→ **WHAT THE TASK ASKS**
Carry over every entry exactly as written, though not the pictures it contains.

(Scraped caption text data)
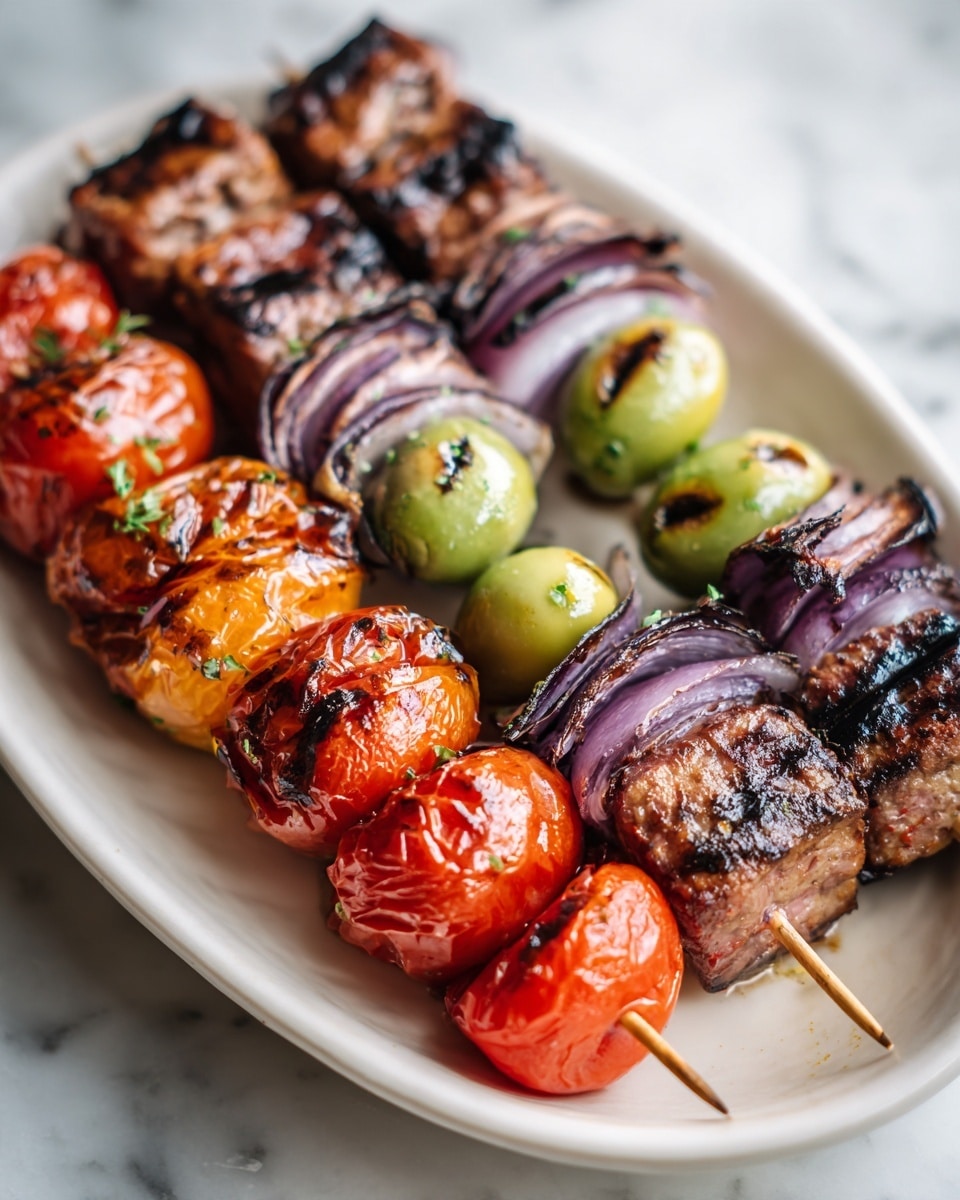 The image shows three skewers placed on a white oval plate on a white marbled surface. Each skewer has five layers. From the bottom up, the first layer is made of two halves of bright red grilled cherry tomatoes with char marks. Next is a layer of glossy, light brown grilled tomato pieces with some burnt spots. The middle layer has large, juicy cubes of grilled brown meat with black grill marks and a slightly crispy texture. Above the meat is a layer of halved green olives with a shiny surface, and the top layer has slices of thin, slightly cooked purple onions. A woman's hand is holding a skewer at the far end of the plate. The overall look is colorful with a fresh grilled appeal. photo taken with an iphone --ar 4:5 --v 7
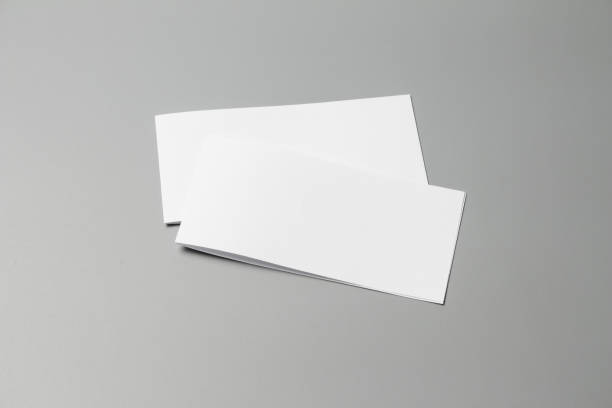 istock Blank portrait changeable background / white paper isolated on gray. identity design, corporate templates, company style, set of booklets, blank white folding paper flyer 970799798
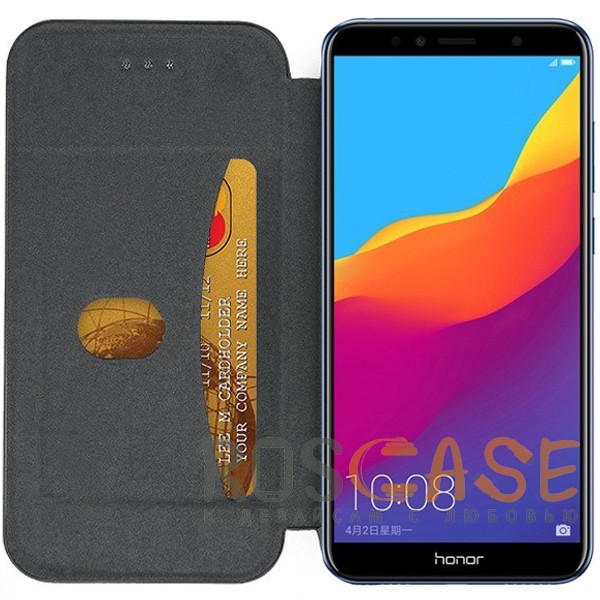 Изображение Темно-синий  Open Color 2 | Чехол-книжка на магните для Huawei Honor 7A Pro / Y6 Prime 2018 с подставкой и внутренним карманом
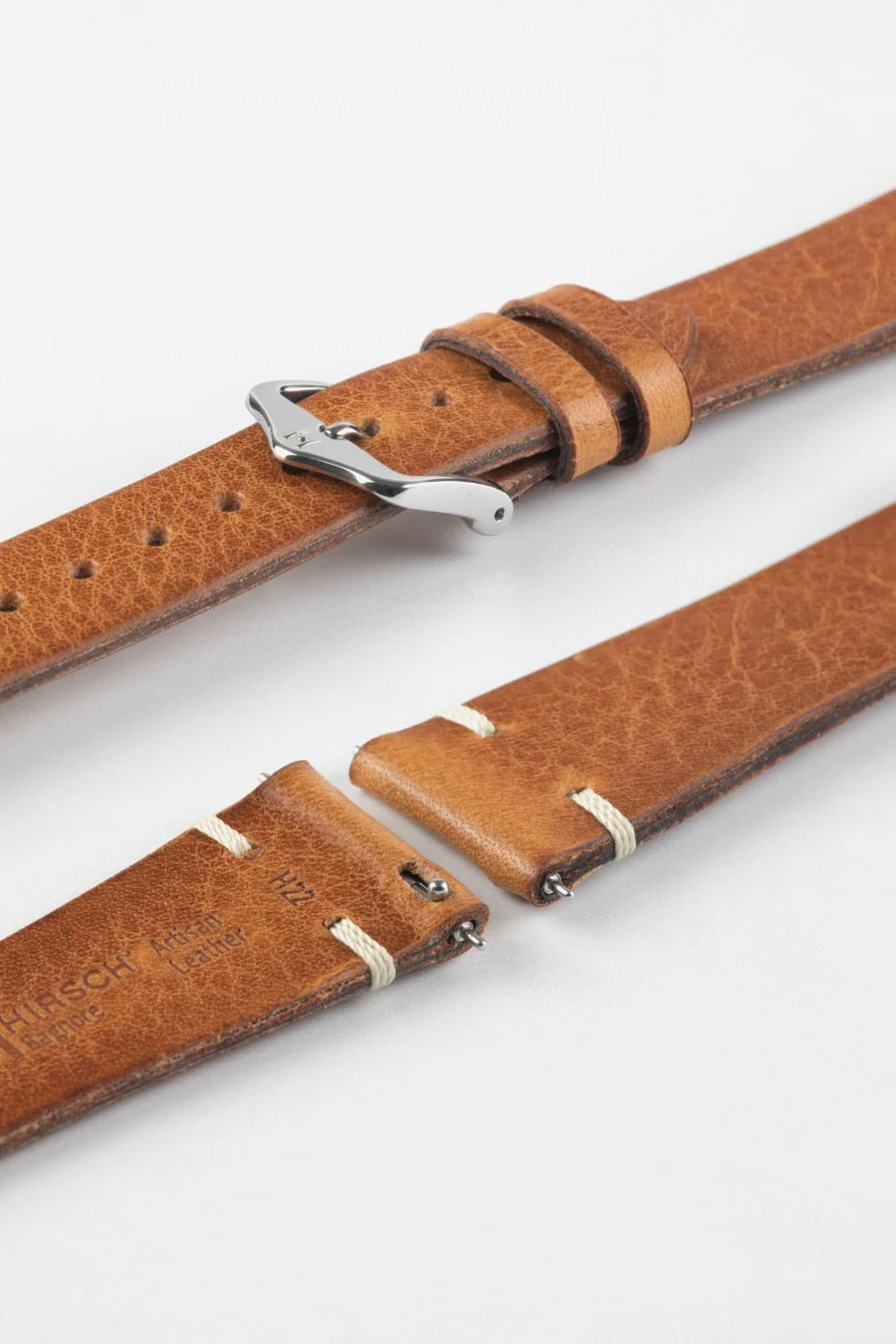 Hirsch BAGNORE Vintage Calf Leather Quick-Release Watch Strap - GOLD BROWN - Image 7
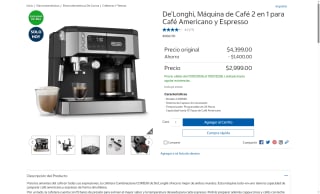 Cafetera De'Longhi Combinazione COM530 2 en 1 por $2,999 | Costco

→ **EXERCISE ANSWER**
 The image shows three skewers placed on a white oval plate on a white marbled surface. Each skewer has five layers. From the bottom up, the first layer is made of two halves of bright red grilled cherry tomatoes with char marks. Next is a layer of glossy, light brown grilled tomato pieces with some burnt spots. The middle layer has large, juicy cubes of grilled brown meat with black grill marks and a slightly crispy texture. Above the meat is a layer of halved green olives with a shiny surface, and the top layer has slices of thin, slightly cooked purple onions. A woman's hand is holding a skewer at the far end of the plate. The overall look is colorful with a fresh grilled appeal. photo taken with an iphone --ar 4:5 --v 7
 istock Blank portrait changeable background / white paper isolated on gray. identity design, corporate templates, company style, set of booklets, blank white folding paper flyer 970799798
 Изображение Темно-синий  Open Color 2 | Чехол-книжка на магните для Huawei Honor 7A Pro / Y6 Prime 2018 с подставкой и внутренним карманом
 Hirsch BAGNORE Vintage Calf Leather Quick-Release Watch Strap - GOLD BROWN - Image 7
 Cafetera De'Longhi Combinazione COM530 2 en 1 por $2,999 | Costco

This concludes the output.